_WHAT TO PRODUCE_: Return the lines that run from the beginning of the entries to the line holding "Renato Braz e", inclusive, and drop the pictures.

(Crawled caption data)

═══

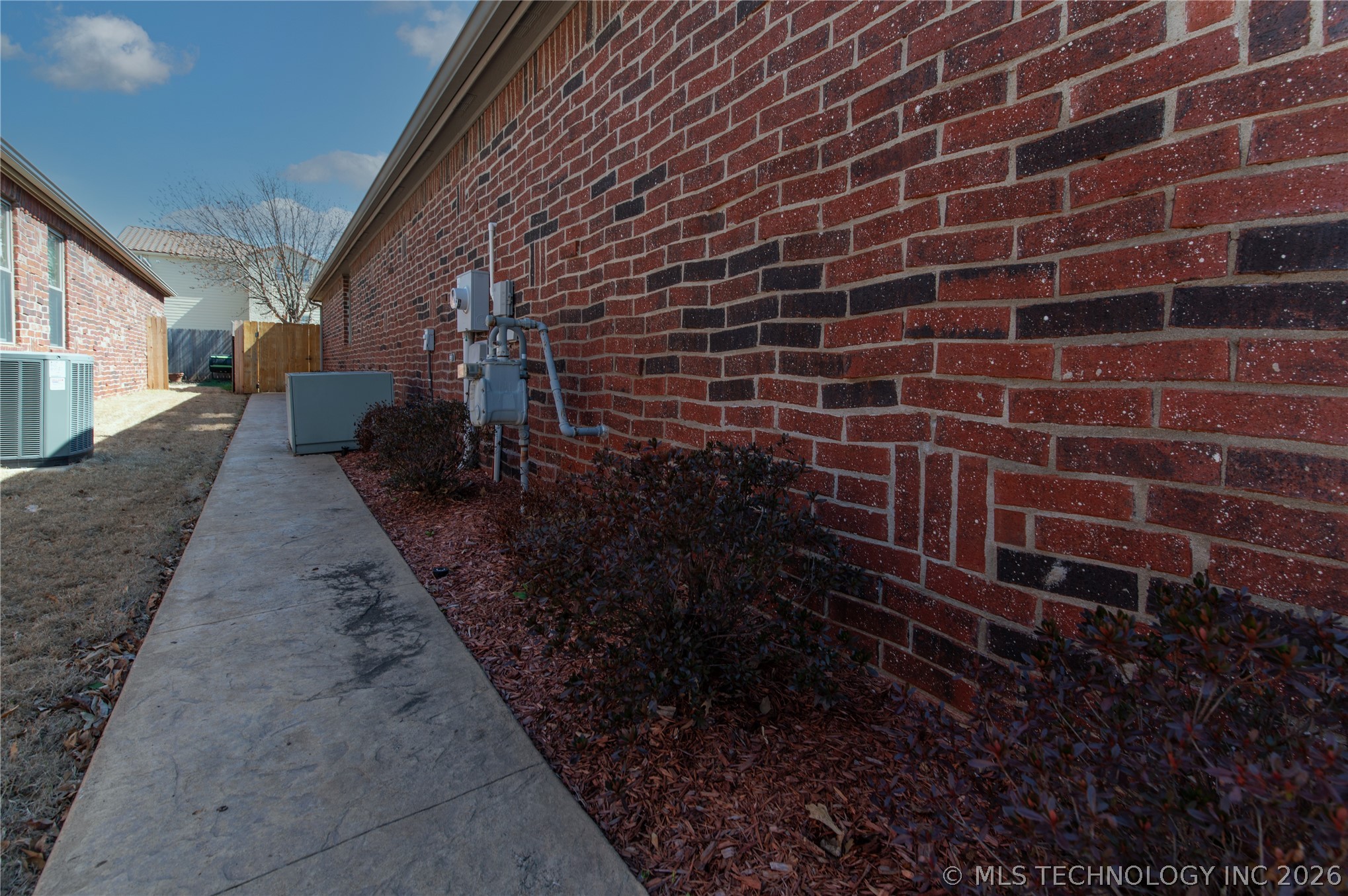 4303 S Sweet Gum Avenue Property Photo 21
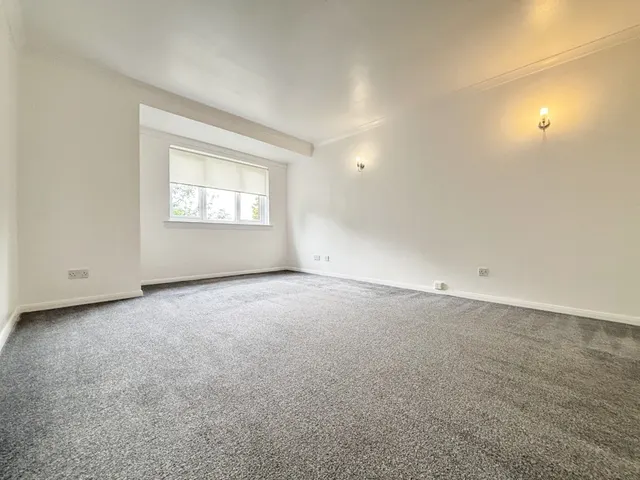 Park View, Strathaven, ML10, photo 3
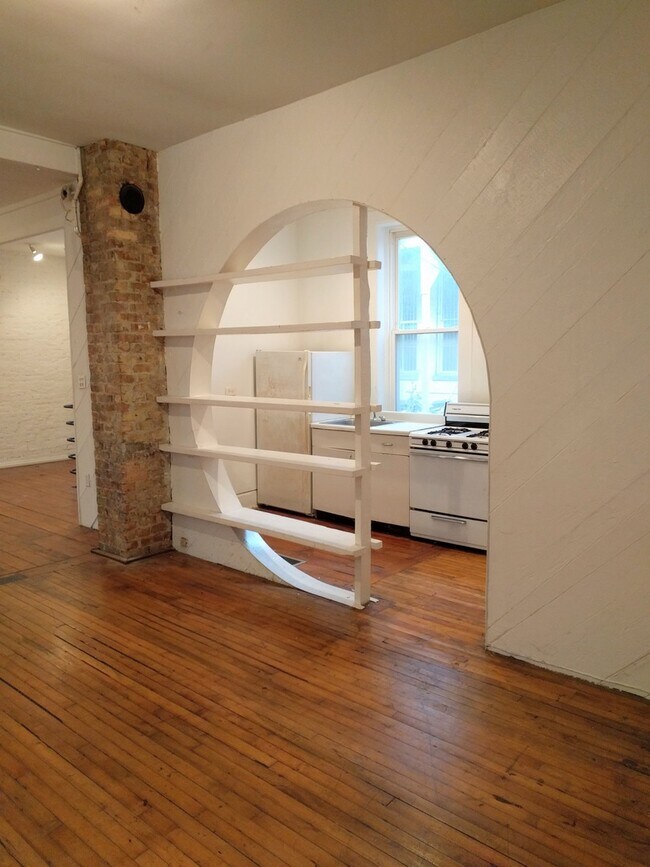 Foto del edificio - 812 W 19th St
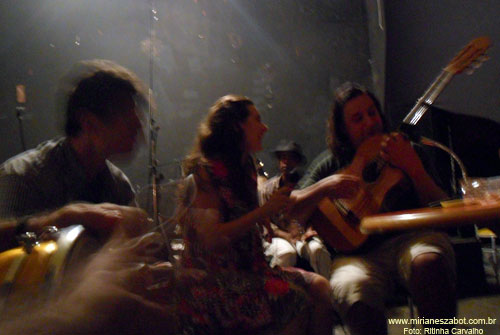 Renato Braz e Mirian&ecirc;s Zabot cantando. Percuss&atilde;o: Paulinho Grassmann e Andr&eacute;. Foto: Ritinha Carvalho (S&atilde;o Paulo 09/01/2011 - Lua Nova)
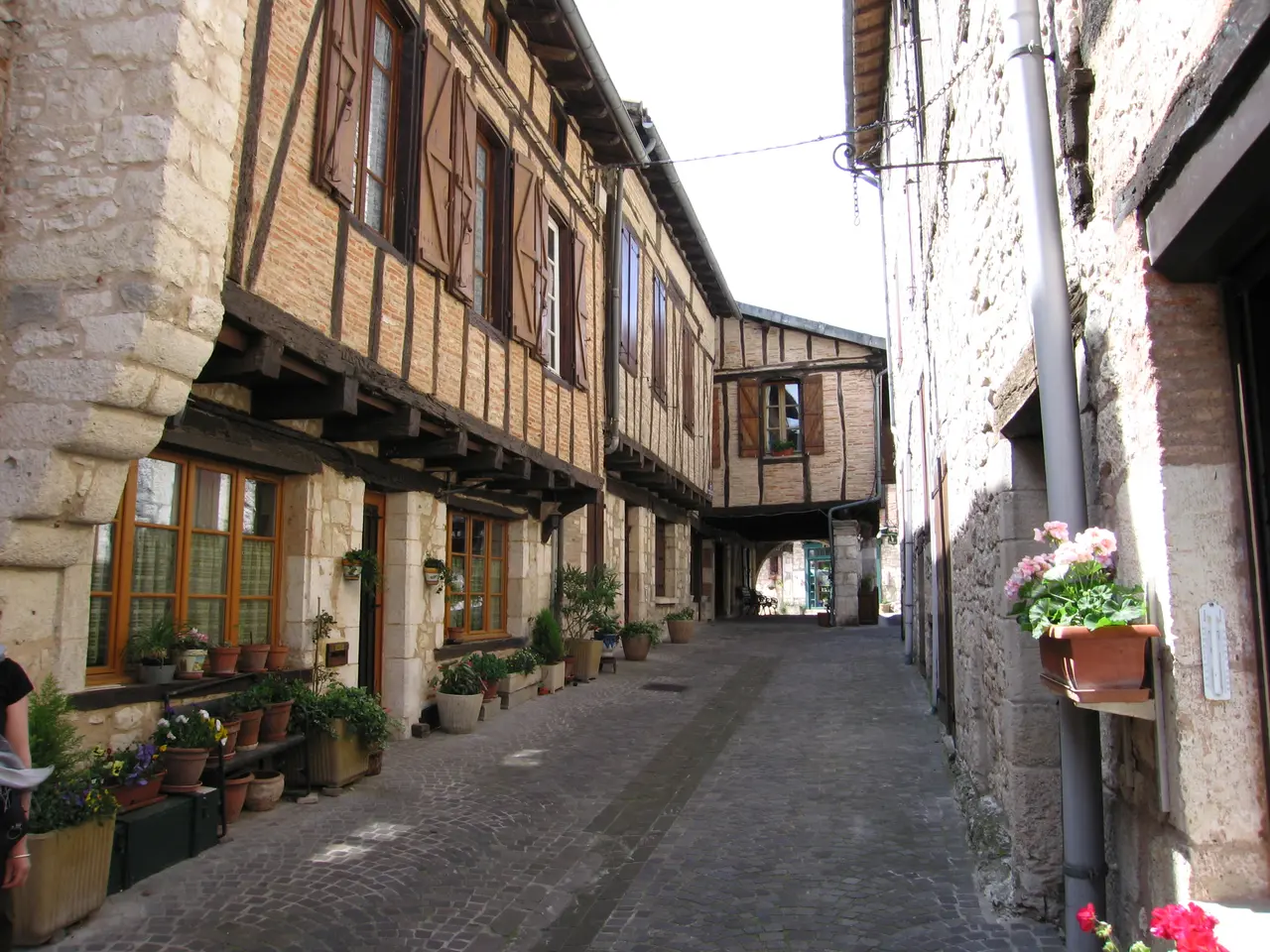 Rue Castelnau de Montmiral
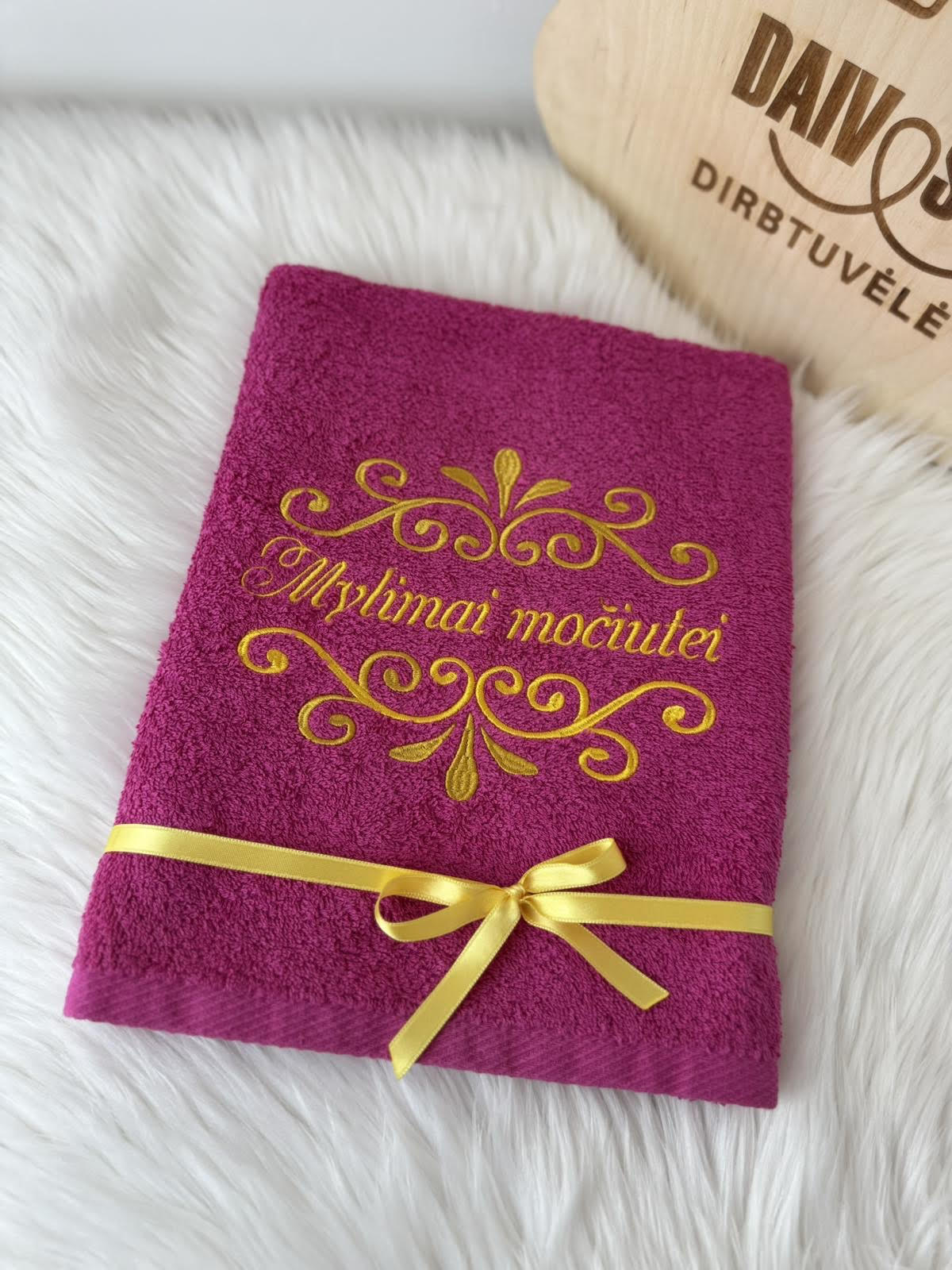 Ciklameninis siuvinėtas rankšluostis Mylimai močiutei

═══

_RESPONSE_:
 4303 S Sweet Gum Avenue Property Photo 21
 Park View, Strathaven, ML10, photo 3
 Foto del edificio - 812 W 19th St
 Renato Braz e Mirian&ecirc;s Zabot cantando. Percuss&atilde;o: Paulinho Grassmann e Andr&eacute;. Foto: Ritinha Carvalho (S&atilde;o Paulo 09/01/2011 - Lua Nova)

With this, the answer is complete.